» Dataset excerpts
---------------

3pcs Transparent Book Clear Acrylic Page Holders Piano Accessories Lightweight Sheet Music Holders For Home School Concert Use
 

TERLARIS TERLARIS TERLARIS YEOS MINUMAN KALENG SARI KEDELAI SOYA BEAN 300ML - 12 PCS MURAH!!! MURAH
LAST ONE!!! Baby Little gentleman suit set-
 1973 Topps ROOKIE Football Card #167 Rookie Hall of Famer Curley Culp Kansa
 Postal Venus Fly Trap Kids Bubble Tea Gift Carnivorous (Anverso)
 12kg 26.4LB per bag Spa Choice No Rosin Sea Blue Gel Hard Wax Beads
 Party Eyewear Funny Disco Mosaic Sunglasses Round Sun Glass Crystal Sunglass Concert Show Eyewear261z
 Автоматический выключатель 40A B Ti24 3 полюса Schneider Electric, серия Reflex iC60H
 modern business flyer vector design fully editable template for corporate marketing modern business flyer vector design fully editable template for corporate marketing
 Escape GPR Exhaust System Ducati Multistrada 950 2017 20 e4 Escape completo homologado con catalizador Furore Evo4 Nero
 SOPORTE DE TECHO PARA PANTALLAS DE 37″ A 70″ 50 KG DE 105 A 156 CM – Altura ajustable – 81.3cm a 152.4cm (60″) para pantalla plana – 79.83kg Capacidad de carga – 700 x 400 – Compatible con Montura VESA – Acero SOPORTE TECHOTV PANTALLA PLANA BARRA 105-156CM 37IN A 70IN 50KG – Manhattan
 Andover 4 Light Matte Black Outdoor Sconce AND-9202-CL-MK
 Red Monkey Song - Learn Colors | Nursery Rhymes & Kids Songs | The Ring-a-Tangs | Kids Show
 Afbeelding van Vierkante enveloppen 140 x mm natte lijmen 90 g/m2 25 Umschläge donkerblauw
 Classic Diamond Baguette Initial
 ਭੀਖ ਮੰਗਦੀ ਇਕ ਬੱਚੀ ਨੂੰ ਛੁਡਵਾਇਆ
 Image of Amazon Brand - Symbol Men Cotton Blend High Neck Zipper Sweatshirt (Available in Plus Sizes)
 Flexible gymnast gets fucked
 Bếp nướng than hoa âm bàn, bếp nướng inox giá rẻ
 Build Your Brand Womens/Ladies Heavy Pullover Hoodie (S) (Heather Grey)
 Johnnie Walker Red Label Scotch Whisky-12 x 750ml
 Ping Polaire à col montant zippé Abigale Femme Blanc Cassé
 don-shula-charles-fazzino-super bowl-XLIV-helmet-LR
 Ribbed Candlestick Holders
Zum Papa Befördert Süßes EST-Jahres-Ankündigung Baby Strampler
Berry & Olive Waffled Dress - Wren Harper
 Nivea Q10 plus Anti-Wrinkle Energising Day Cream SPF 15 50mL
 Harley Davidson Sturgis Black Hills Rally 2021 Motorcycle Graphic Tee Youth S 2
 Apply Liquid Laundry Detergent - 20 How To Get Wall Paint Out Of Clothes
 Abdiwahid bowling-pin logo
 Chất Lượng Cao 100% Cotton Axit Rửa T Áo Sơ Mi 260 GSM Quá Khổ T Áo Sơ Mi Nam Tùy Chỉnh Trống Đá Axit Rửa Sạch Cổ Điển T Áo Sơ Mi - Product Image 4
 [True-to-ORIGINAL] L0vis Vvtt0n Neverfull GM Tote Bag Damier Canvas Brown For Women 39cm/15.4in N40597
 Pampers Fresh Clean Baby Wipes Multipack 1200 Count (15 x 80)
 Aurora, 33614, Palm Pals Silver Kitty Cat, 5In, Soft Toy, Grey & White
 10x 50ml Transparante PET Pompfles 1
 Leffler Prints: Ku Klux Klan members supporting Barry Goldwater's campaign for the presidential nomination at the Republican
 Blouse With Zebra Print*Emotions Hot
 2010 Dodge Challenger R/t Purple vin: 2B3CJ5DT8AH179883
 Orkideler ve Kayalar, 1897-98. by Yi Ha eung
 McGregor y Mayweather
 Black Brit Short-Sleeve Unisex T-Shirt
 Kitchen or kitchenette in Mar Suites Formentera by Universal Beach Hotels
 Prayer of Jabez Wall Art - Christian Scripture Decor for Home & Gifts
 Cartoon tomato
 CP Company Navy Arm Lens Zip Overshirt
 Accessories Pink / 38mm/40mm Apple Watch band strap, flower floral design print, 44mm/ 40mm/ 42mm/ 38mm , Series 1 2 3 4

---------------

» Task to carry out
Write each line of the data down again exactly as it reads.

» Answer for the task
3pcs Transparent Book Clear Acrylic Page Holders Piano Accessories Lightweight Sheet Music Holders For Home School Concert Use
 

TERLARIS TERLARIS TERLARIS YEOS MINUMAN KALENG SARI KEDELAI SOYA BEAN 300ML - 12 PCS MURAH!!! MURAH
LAST ONE!!! Baby Little gentleman suit set-
 1973 Topps ROOKIE Football Card #167 Rookie Hall of Famer Curley Culp Kansa
 Postal Venus Fly Trap Kids Bubble Tea Gift Carnivorous (Anverso)
 12kg 26.4LB per bag Spa Choice No Rosin Sea Blue Gel Hard Wax Beads
 Party Eyewear Funny Disco Mosaic Sunglasses Round Sun Glass Crystal Sunglass Concert Show Eyewear261z
 Автоматический выключатель 40A B Ti24 3 полюса Schneider Electric, серия Reflex iC60H
 modern business flyer vector design fully editable template for corporate marketing modern business flyer vector design fully editable template for corporate marketing
 Escape GPR Exhaust System Ducati Multistrada 950 2017 20 e4 Escape completo homologado con catalizador Furore Evo4 Nero
 SOPORTE DE TECHO PARA PANTALLAS DE 37″ A 70″ 50 KG DE 105 A 156 CM – Altura ajustable – 81.3cm a 152.4cm (60″) para pantalla plana – 79.83kg Capacidad de carga – 700 x 400 – Compatible con Montura VESA – Acero SOPORTE TECHOTV PANTALLA PLANA BARRA 105-156CM 37IN A 70IN 50KG – Manhattan
 Andover 4 Light Matte Black Outdoor Sconce AND-9202-CL-MK
 Red Monkey Song - Learn Colors | Nursery Rhymes & Kids Songs | The Ring-a-Tangs | Kids Show
 Afbeelding van Vierkante enveloppen 140 x mm natte lijmen 90 g/m2 25 Umschläge donkerblauw
 Classic Diamond Baguette Initial
 ਭੀਖ ਮੰਗਦੀ ਇਕ ਬੱਚੀ ਨੂੰ ਛੁਡਵਾਇਆ
 Image of Amazon Brand - Symbol Men Cotton Blend High Neck Zipper Sweatshirt (Available in Plus Sizes)
 Flexible gymnast gets fucked
 Bếp nướng than hoa âm bàn, bếp nướng inox giá rẻ
 Build Your Brand Womens/Ladies Heavy Pullover Hoodie (S) (Heather Grey)
 Johnnie Walker Red Label Scotch Whisky-12 x 750ml
 Ping Polaire à col montant zippé Abigale Femme Blanc Cassé
 don-shula-charles-fazzino-super bowl-XLIV-helmet-LR
 Ribbed Candlestick Holders
Zum Papa Befördert Süßes EST-Jahres-Ankündigung Baby Strampler
Berry & Olive Waffled Dress - Wren Harper
 Nivea Q10 plus Anti-Wrinkle Energising Day Cream SPF 15 50mL
 Harley Davidson Sturgis Black Hills Rally 2021 Motorcycle Graphic Tee Youth S 2
 Apply Liquid Laundry Detergent - 20 How To Get Wall Paint Out Of Clothes
 Abdiwahid bowling-pin logo
 Chất Lượng Cao 100% Cotton Axit Rửa T Áo Sơ Mi 260 GSM Quá Khổ T Áo Sơ Mi Nam Tùy Chỉnh Trống Đá Axit Rửa Sạch Cổ Điển T Áo Sơ Mi - Product Image 4
 [True-to-ORIGINAL] L0vis Vvtt0n Neverfull GM Tote Bag Damier Canvas Brown For Women 39cm/15.4in N40597
 Pampers Fresh Clean Baby Wipes Multipack 1200 Count (15 x 80)
 Aurora, 33614, Palm Pals Silver Kitty Cat, 5In, Soft Toy, Grey & White
 10x 50ml Transparante PET Pompfles 1
 Leffler Prints: Ku Klux Klan members supporting Barry Goldwater's campaign for the presidential nomination at the Republican
 Blouse With Zebra Print*Emotions Hot
 2010 Dodge Challenger R/t Purple vin: 2B3CJ5DT8AH179883
 Orkideler ve Kayalar, 1897-98. by Yi Ha eung
 McGregor y Mayweather
 Black Brit Short-Sleeve Unisex T-Shirt
 Kitchen or kitchenette in Mar Suites Formentera by Universal Beach Hotels
 Prayer of Jabez Wall Art - Christian Scripture Decor for Home & Gifts
 Cartoon tomato
 CP Company Navy Arm Lens Zip Overshirt
 Accessories Pink / 38mm/40mm Apple Watch band strap, flower floral design print, 44mm/ 40mm/ 42mm/ 38mm , Series 1 2 3 4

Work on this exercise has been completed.